Record extracts
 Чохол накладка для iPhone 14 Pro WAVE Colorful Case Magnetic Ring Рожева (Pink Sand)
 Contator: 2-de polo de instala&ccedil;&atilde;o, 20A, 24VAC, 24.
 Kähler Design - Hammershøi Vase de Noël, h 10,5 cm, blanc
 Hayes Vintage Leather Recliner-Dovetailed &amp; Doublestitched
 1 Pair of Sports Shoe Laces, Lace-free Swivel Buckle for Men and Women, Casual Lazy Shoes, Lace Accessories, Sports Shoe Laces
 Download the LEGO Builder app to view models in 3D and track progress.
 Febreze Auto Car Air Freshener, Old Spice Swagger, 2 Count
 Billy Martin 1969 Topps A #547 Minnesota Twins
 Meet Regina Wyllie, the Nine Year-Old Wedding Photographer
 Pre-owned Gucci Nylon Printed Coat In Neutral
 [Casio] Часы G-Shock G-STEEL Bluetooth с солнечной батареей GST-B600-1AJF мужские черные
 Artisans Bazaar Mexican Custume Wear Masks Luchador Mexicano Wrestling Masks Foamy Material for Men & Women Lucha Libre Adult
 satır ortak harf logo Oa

Exercise requirements
From the line with "Billy Martin 1969" to the end of the listing above, set down every line exactly as it appears, both ends included.

Exercise solution
 Billy Martin 1969 Topps A #547 Minnesota Twins
 Meet Regina Wyllie, the Nine Year-Old Wedding Photographer
 Pre-owned Gucci Nylon Printed Coat In Neutral
 [Casio] Часы G-Shock G-STEEL Bluetooth с солнечной батареей GST-B600-1AJF мужские черные
 Artisans Bazaar Mexican Custume Wear Masks Luchador Mexicano Wrestling Masks Foamy Material for Men & Women Lucha Libre Adult
 satır ortak harf logo Oa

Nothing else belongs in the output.